Web page caption snippets:
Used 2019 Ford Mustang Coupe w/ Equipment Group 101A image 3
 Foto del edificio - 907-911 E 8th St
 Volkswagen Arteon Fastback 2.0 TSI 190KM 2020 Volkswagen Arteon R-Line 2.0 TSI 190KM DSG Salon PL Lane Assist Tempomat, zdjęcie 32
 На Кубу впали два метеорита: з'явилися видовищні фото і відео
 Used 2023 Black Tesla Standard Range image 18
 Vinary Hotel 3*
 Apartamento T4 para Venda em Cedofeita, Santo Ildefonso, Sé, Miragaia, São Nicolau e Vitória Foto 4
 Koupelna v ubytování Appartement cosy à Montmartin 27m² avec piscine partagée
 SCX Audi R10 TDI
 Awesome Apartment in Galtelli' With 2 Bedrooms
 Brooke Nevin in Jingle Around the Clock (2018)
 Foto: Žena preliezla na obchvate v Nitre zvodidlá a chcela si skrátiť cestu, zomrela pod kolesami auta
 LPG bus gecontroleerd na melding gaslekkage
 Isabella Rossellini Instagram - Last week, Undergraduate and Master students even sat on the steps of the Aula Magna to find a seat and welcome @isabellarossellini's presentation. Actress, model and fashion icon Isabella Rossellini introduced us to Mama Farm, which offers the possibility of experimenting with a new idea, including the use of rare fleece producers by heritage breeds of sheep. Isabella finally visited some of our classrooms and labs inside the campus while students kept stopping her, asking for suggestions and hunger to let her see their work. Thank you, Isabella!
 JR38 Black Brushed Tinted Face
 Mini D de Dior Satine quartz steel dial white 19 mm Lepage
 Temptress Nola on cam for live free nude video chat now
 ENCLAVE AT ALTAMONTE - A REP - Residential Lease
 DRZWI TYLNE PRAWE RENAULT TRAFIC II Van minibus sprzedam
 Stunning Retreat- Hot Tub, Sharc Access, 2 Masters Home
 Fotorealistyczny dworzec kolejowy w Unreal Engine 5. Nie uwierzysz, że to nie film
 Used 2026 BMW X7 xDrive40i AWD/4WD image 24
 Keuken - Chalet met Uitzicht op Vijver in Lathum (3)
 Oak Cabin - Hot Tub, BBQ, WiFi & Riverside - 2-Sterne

EXERCISE PROMPT | In the entries above, find lines with "Used" and copy each.

RESULT OF THE TASK |
Used 2019 Ford Mustang Coupe w/ Equipment Group 101A image 3
 Used 2023 Black Tesla Standard Range image 18
 Used 2026 BMW X7 xDrive40i AWD/4WD image 24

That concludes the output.